Coordinating CSIRT

A Computer Security Incident Response Team (CSIRT) is an organised group that receives, analyses, and responds to cybersecurity incidents and vulnerability reports. A Coordinating CSIRT is one that takes an active role in facilitating the disclosure process — acting as a neutral intermediary between security researchers and affected manufacturers, particularly in multi-vendor or cross-border scenarios. The CSIRT coordinates the timeline, manages communications between parties, validates the vulnerability report, and issues a coordinated advisory. In the EU context, national CSIRTs established under the NIS2 Directive have a specific coordination mandate. ENISA maintains a directory of EU national CSIRTs and coordinates among them for EU-level issues.

The CRA assigns national CSIRTs specific responsibilities in supporting the CRA's vulnerability disclosure ecosystem. These include: receiving vulnerability notifications from manufacturers per Article 14 (manufacturers notify ENISA, and ENISA coordinates with national CSIRTs); assisting manufacturers in identifying researchers who have reported vulnerabilities; facilitating coordination when a vulnerability affects products from multiple manufacturers; and contributing national vulnerability data to ENISA's European Vulnerability Database. National CSIRTs also serve as an escalation path when researchers cannot reach a manufacturer and need a trusted intermediary to engage on their behalf. Manufacturers should establish working relationships with the relevant national CSIRT in their home member state.

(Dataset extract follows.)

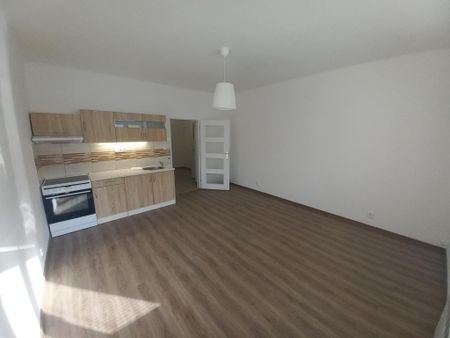 Pronájem bytu 1+kk 30 m2 - Fotografie 4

Several EU national CSIRTs are particularly active in coordinating vulnerability disclosures relevant to CRA-covered products:

• NCSC-NL (Netherlands): One of Europe's most active CVD coordinators, with extensive experience in multi-vendor coordinated disclosures and a publicly accessible vulnerability reporting portal.
• BSI CERT-Bund (Germany): Germany's national CSIRT, handling high volumes of vulnerability coordination relevant to industrial and IoT products.
• CERT-FR (France): ANSSI's incident response and coordination arm, with particular focus on critical infrastructure and industrial systems.
• NCSC-UK: While post-Brexit, maintains strong coordination relationships with EU CSIRTs and is relevant for manufacturers operating across both markets.
• ENISA: At the EU level, ENISA coordinates between national CSIRTs and operates the EUVDB.

Manufacturers should consider contacting a coordinating CSIRT in the following situations:

• A vulnerability in a shared component (library, SDK, or firmware) affects multiple manufacturers' products simultaneously and coordinated disclosure is needed.
• A researcher has contacted the manufacturer through a national CSIRT and the CSIRT is facilitating the disclosure.
• The manufacturer has received a researcher report but cannot assess the impact without expert assistance.
• The manufacturer suspects a vulnerability may have national security implications.
• The manufacturer has been unable to contact a researcher who appears to be preparing to disclose a vulnerability publicly.

Pre-registering with the national CSIRT and establishing a point of contact before an incident occurs significantly reduces response latency when coordination is needed urgently.